Nop's Hope
One harried waitress was hurrying beer around on trays: keep your shirt on, partner. Yeah, six Buds, yeah.
Earlier, Penny showed up at Ethel Harwood’s motor home, with her paper bag of clean clothes. “Ethel, you got enough hot water for me to take a shower? I’m sorry to pester you, but I can’t go to the dinner tonight like this.”
When the young woman came out, Ethel said, “That was good work out there today. You just had some bad breaks.”
“Bad breaks don’t buy much gas,” Penny said. “Thanks for the shower.”
Later, at Jo-Jo’s Ethel pushed into Penny’s corner and made space for herself. “You don’t dance? I’m no dancer myself. Forty years ago, I got smacked in the ankle by a polo mallet, and that’s where all my arthritis settled.”
“Uh-huh. Well, it’s humid here.”
“Penny, I can’t tell you how much I like that Hope dog. I haven’t seen a dog I liked so much since Nop was getting started.”
“Funny thing, they give the prize money to all the other dogs. Oh, Ethel, I’m sorry. I know you’re just trying to be nice. This dog trialing has got me about three-quarters crazy. It’s like we’re standing outside a candy store, it’s Christmas and the store’s all lit up and other kids go in and out, and me and Hope, we just stand outside. I wish I knew what to do. I can’t screw Hope down any tighter. All we do is trial, train and trial, but somehow we never get the breaks. If there’s a bad sheep in the draw, you can be sure they’ll save it for Hope. We aren’t making our entry fees.”

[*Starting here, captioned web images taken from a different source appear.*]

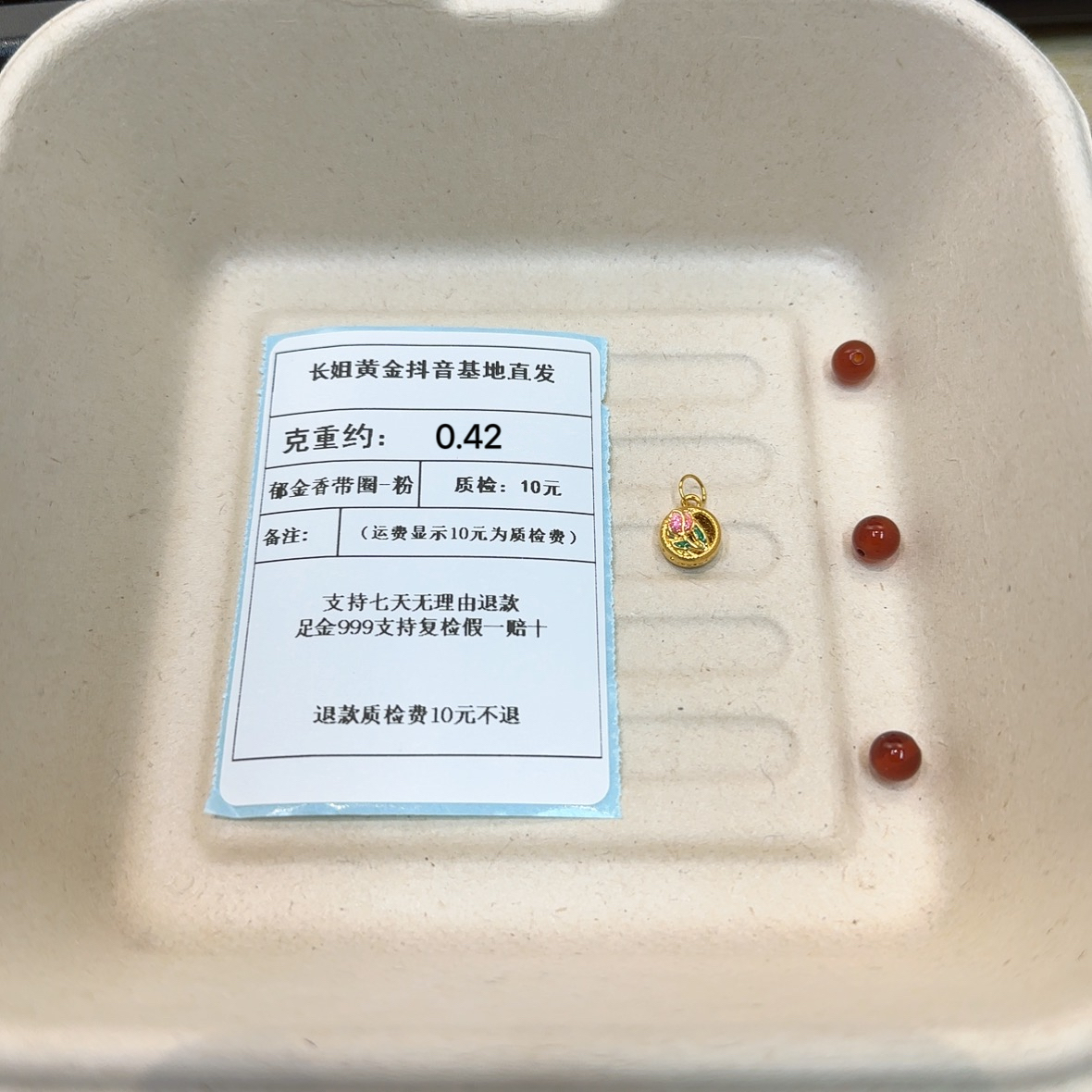 足金999烧蓝5D镂空郁金香带圈-粉  约0.42 +玛 瑙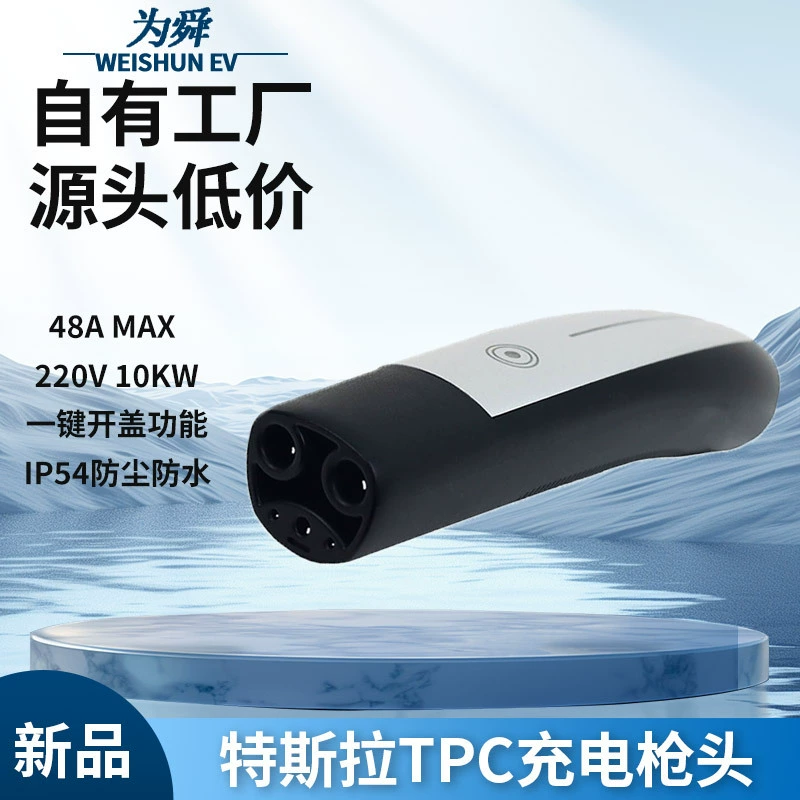 BYD Tesla, зарядная головка для новой энергии, универсальный удлинитель для медленной зарядки переменного тока, штекер для зарядной станции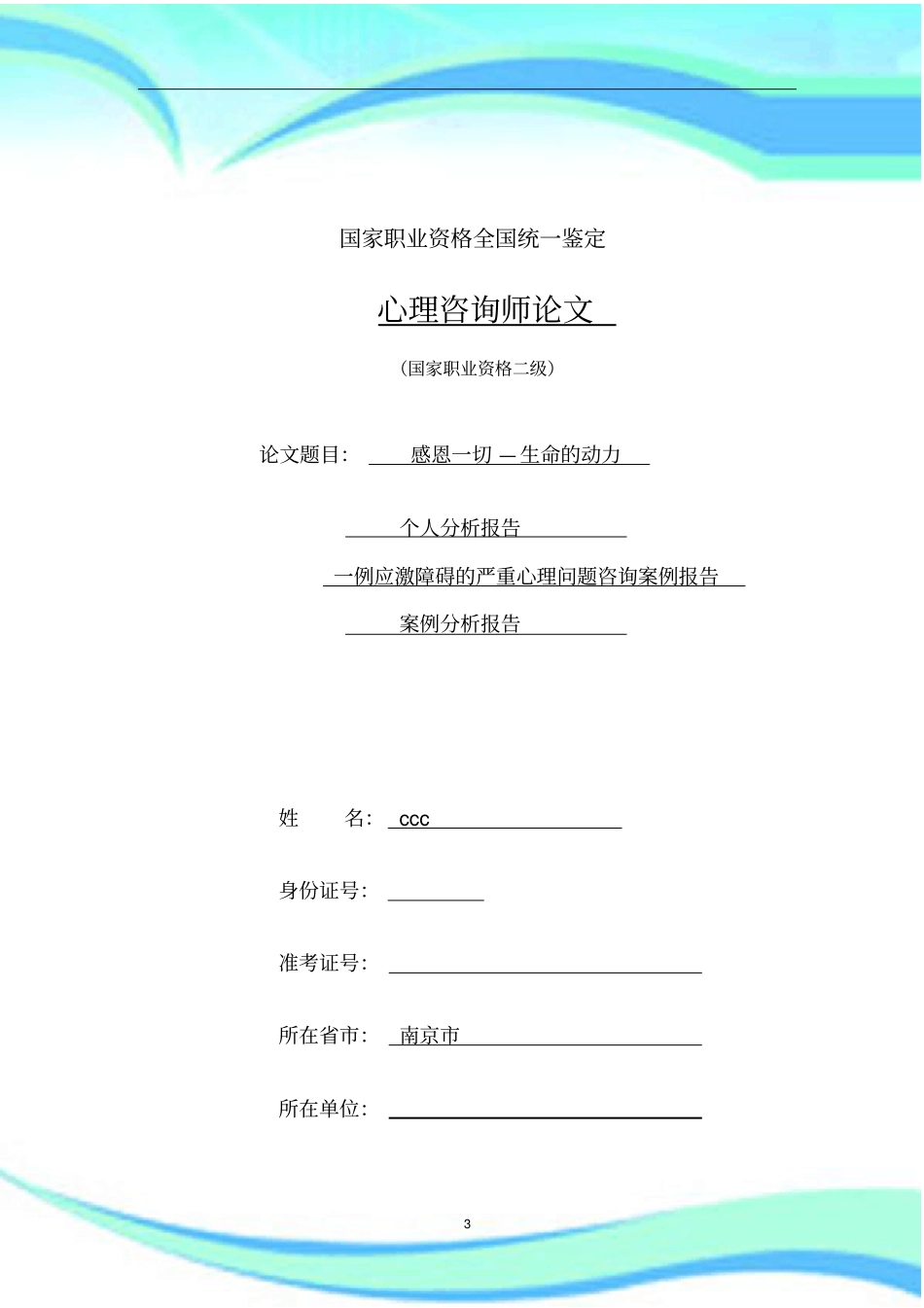 心理学个人分析报告记录_第3页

“I heard a story once about Hamish Wilson, the Scottish dog man. One night he came home in a rage, BANG the door shut, BANG the dogs put up, and muttered curses all the way to the doorstep. Hamish hears the sound of a front window going up and his youngest sticks her head out and says, ‘Bad sheep again, eh, Da?’”
Penny managed a grin.
“Ransome,” Ethel said, “you smell just like a blue quarter-horse I owned once. Heck of a horse, but you couldn’t ride him once around a training ring without he soaked clear through.”

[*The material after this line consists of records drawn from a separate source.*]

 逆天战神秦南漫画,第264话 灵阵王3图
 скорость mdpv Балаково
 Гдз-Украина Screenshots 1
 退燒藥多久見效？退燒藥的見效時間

“Yes, ma’am. Penny, you dance?”
Penny shook her head. “I got nothing to celebrate.”
“It isn’t going to hurt you.” He extended a hand.
“Suppose you let me be the judge of that.”

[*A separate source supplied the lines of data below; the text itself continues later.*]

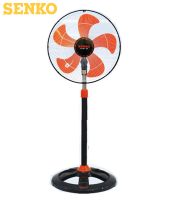 Quạt đứng công nghiệp Senko DCN1806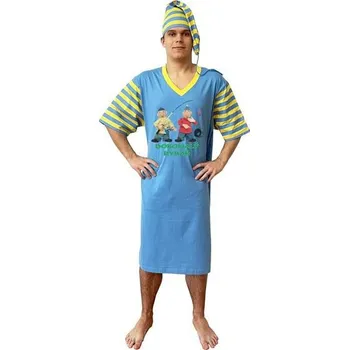 Dámská noční košile Noční košile - Dokonalý rybář - modro-žlutá - L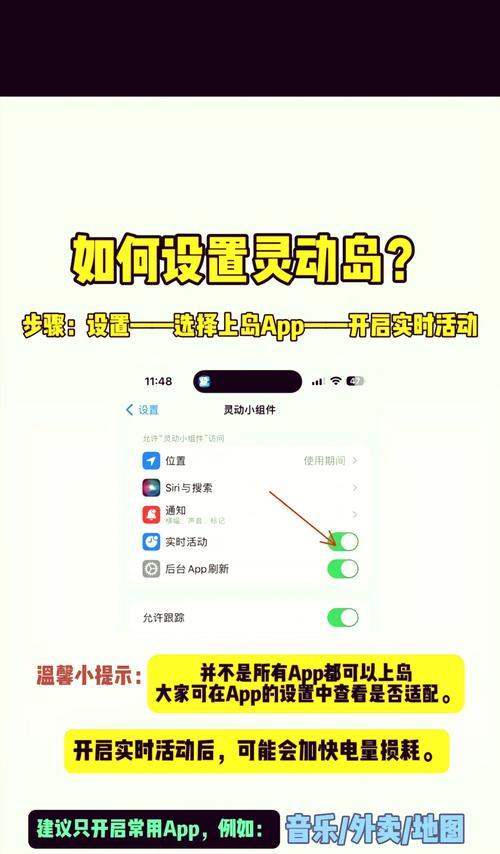 王者荣耀小镜头模式开启方法？有什么好处？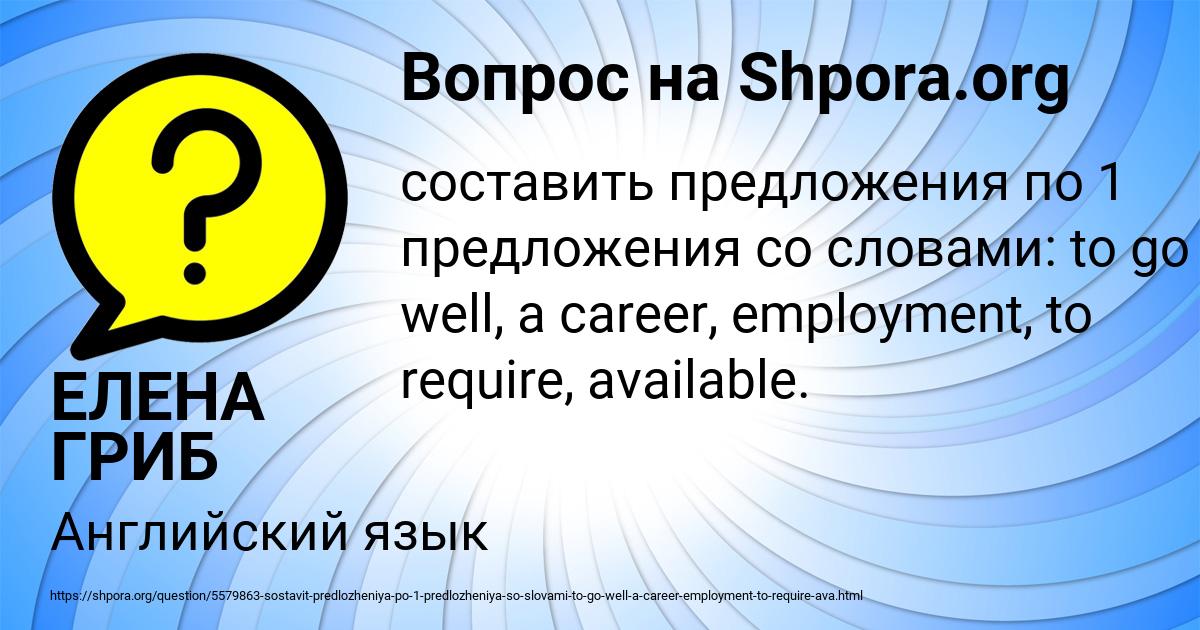 Картинка с текстом вопроса от пользователя ЕЛЕНА ГРИБ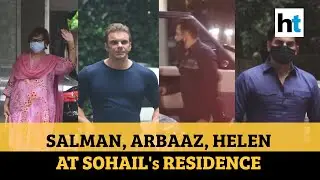 Watch: Salman Khan attends Ganesh Chaturthi celebrations at Sohails residence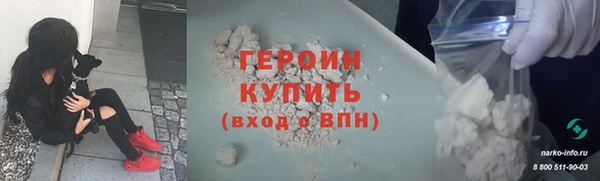 соль ск Надым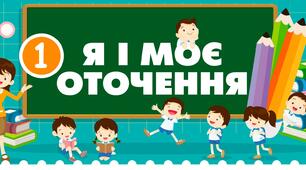 Я і моє оточення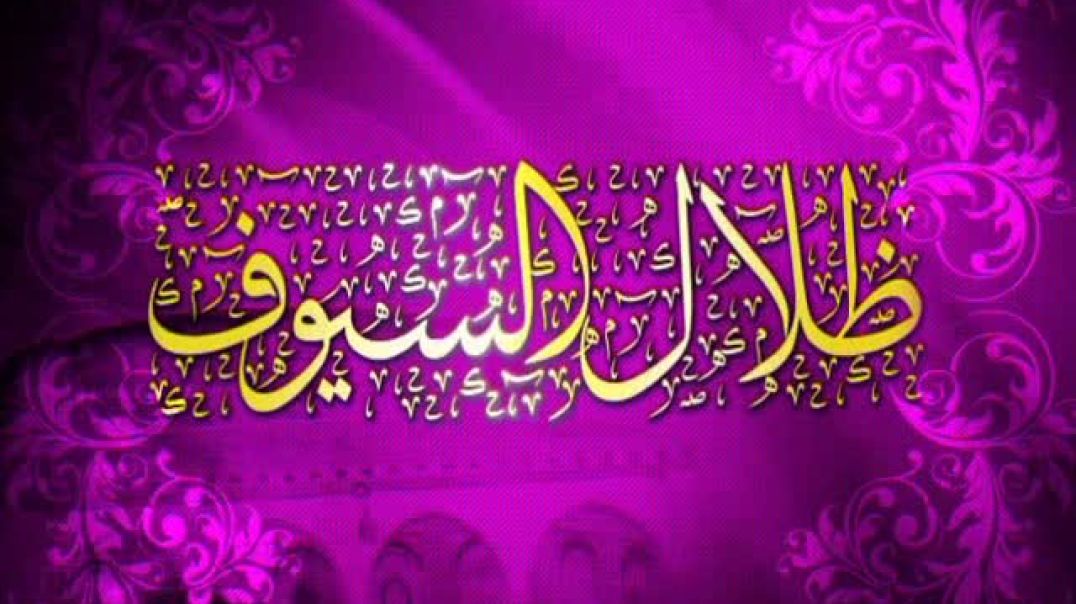 الأندلس - ظلال السيوف 12 غزوة الشريعه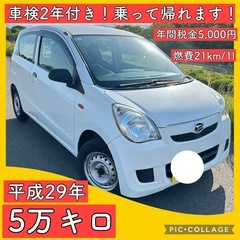 車検2年付き 平成29年 5万キロ ミラバン 軽 軽貨物 バン ...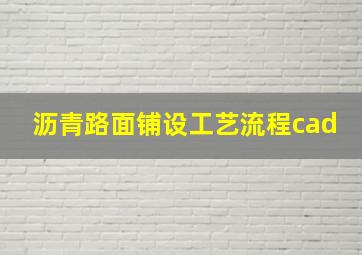 沥青路面铺设工艺流程cad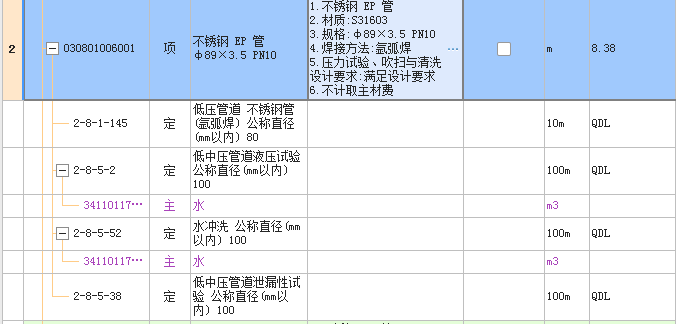 单独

Ethel stood up. “Come on, Ransome. I’ve always wanted to dance the Texas two-step with a champion.”
The waitress brought more beer. The Texas handlers proved to be the best dancers, Ralph Pulfer came to the microphone and, in a deep baritone sang “Seven Spanish Angels.” Applause was enthusiastic.
The band took a break and Penny found Ransome quaffing a glass of ice tea. “I’d like to go back to the trial grounds,” she said. “Hope needs to go out.”
“Oh hell, the dancing just started.”
“Drop me off. You can come back and dance as much as you want.”
Soon as Ransome slid behind the wheel, Penny rolled her window all the way down, though it was a coolish evening with fireflies.
Ransome shot her a look. “What’s the matter with you. You don’t like to have a good time?”
“Ransome, I’m broke. I can’t pay my share.”
“Luck of the draw, honey.” Ransome shrugged. “I’ll carry you through the Blue Ridge. Got me a nice check today, fifteen hundred dollars.”
Penny thought to say she wasn’t his honey, but couldn’t look a gift horse in the mouth. At the trial grounds, they let their dogs run around to do their business.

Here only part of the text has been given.